Zunächst hatte ich mich an meiner Uni für das Erasmus-Programm meiner Fakultät in Irland und Großbritannien beworben, leider bekam ich aber keinen Platz. Ich bewarb mich dann noch für Restplätze anderer Fakultäten in Schottland, ebenso vergebens. Nachdem auch das internationale Büro der Uni wenig Tipps hatte, überlegte ich, wie ich allein einen Auslandsaufenthalt organisieren könnte, und stieß auf die Organisation College Contact. Diese ist in Münster ansässig und vermittelt kostenlos Kontakte zwischen deutschen Studenten und dort angemeldeten ausländischen Unis, die sich um internationale Studenten bemühen. Meine Bewerbung war sehr kurzfristig, und ich war erst einmal überwältigt von der Fülle von Informationen und Fristen, über die man sich bei der Planung informieren musste. Die Organisation hat mir dabei sehr geholfen, weil sie immer kompetente und geduldige Ansprechpartner bot, die ich in der Uni vermisst hatte. Ein weiterer Vorteil war auch, dass College Contact ein Abkommen mit der kanadischen Uni hatte. Studenten, die sie vermittelte, mussten keinen Sprachnachweis einreichen, sondern Schulnoten und ein Schreiben eines Professors genügten. Das ersparte mir einige Zeit und einiges Geld, die ich sonst für einen TOEFL oder Cambridge-Test hätte aufwenden müssen.
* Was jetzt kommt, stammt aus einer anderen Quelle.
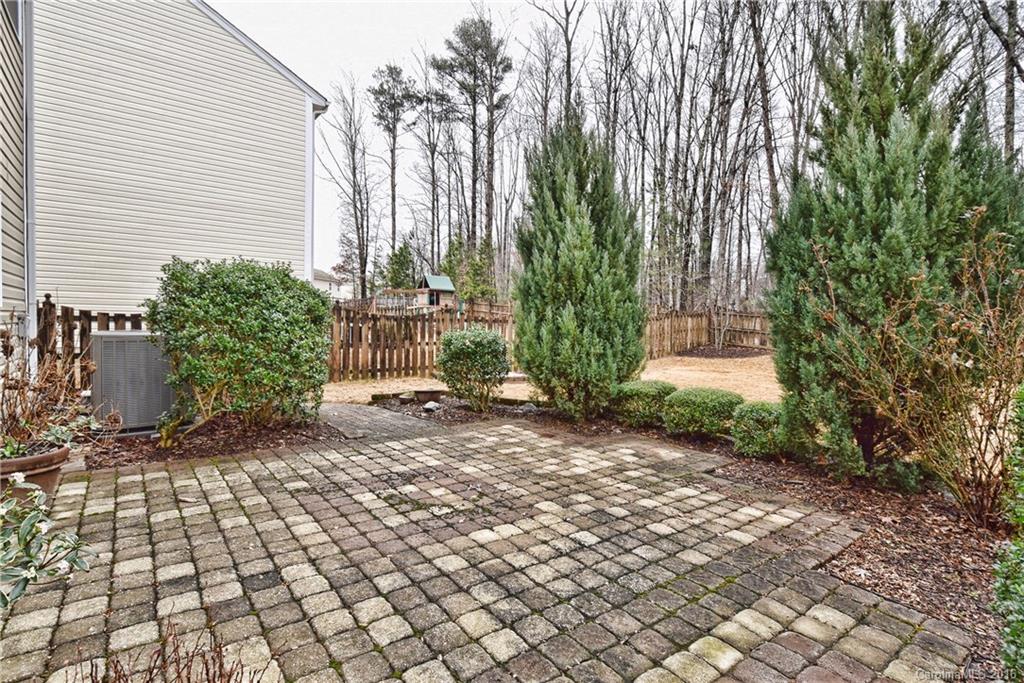 2325 Savannah Hills Drive Matthews NC 28105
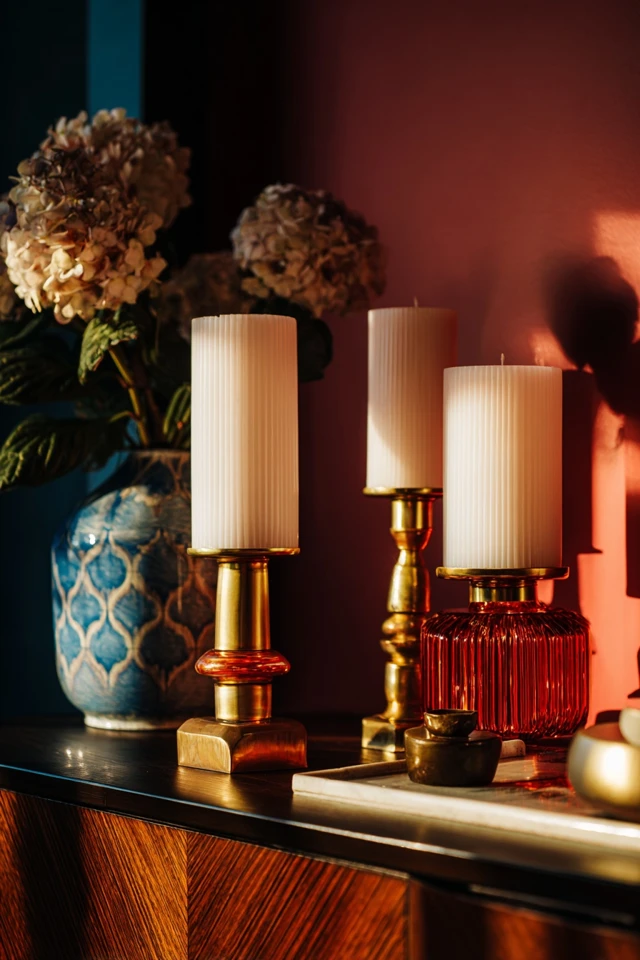Elegant Halloween Fireplace Decor Ideas You’ll Love - photo 3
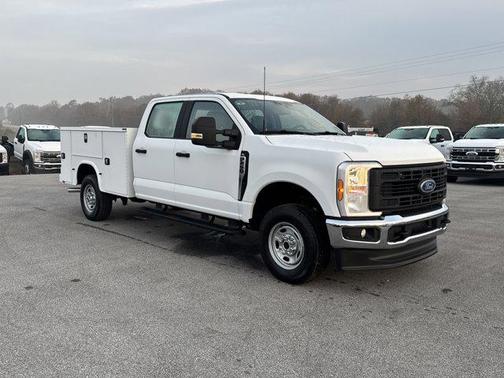 2026 Ford F-250 XL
Für Kanada habe ich mich entschieden, weil ich es spannend fand, möglichst weit weg zu sein, wegen seiner berühmten Natur, und weil ich gehört hatte, dass die Studiengebühren dort moderater seien als in den USA oder England.

Für den Aufenthalt nahm ich zunächst ein Urlaubssemester. Die beiden kanadischen Semester dauerten bis zum Ende des Aprils an. Anfang April hatte dann schon mein deutsches Semester wieder begonnen, und ich hatte vor, direkt wieder einzusteigen. Allerdings merkte ich einige Zeit vor meiner Rückkehr, dass mein Plan zu ehrgeizig war: Ich würde 5 Wochen verpasst haben. Ohnehin ist es nach acht Monaten illusorisch, sofort wieder konzentriert in den Vorlesungen sitzen zu wollen, da man erst einmal Familie und Freunde sehen will und auch umziehen und sich kurz wieder einleben muss, und daneben Einiges zu organisieren hat. Man sollte auch nicht vergessen, dass man nach einem Jahr, so geht es zumindest mir, sehr vieles vergessen hat. Ich rate daher dazu, einen Auslandsaufenthalt, zumindest in Studiengängen, in denen das Wissen aufeinander aufbaut, so zu planen, dass man vor Studienbeginn in Deutschland noch Zeit zur Auffrischung alten Wissens hat. Aus diesen Gründen habe ich mich auch für das zweite Semester in Deutschland beurlauben lassen.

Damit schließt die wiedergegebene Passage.